#151 パリオリンピックと職業病
昨日でパリオリンピックが無事閉幕しましたね。みなさんは、どんな気持ちでご覧になりましたか? 今日は、パリオリンピックとかけて職業病と解き、その心について書きたいと思います。
花の例えで考えてみる
映画やテレビの撮影のために、人や動物の命が損なわれることはどうしても避けるべきですが、植物はどうでしょうか? 植物ならまだ……と思う人もいるかもしれません。では、次のようなシーンを想像してみてください。何らかの演出のために、多くの花がなぎ倒され、人や車に踏みつけられ、死んでいく……動物ではなくても、いい気持ちはしない人が多いと思います。ここで、映画やテレビの監督が次のように言ったら、どう思いますか?

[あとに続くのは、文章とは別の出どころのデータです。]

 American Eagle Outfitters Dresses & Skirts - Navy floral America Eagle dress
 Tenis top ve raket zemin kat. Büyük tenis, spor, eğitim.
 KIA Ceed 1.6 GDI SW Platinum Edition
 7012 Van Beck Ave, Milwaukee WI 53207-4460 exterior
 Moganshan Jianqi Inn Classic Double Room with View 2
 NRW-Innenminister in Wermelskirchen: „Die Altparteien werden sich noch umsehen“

とんでもない! 花だって命だ、安いからいいというものではない。と思う人が多数なのではないでしょうか。実際には、花屋さんで売れずに数日おいておけば、花は自然にしおれて、早ければ一週間後には寿命を迎えます。そのことは分かっていても、たった数日命が終わりを迎えるのが早くなるだけ、とはいっても、映画やテレビの撮影のために花がつぶされていくのは、やはり見たくないですよね。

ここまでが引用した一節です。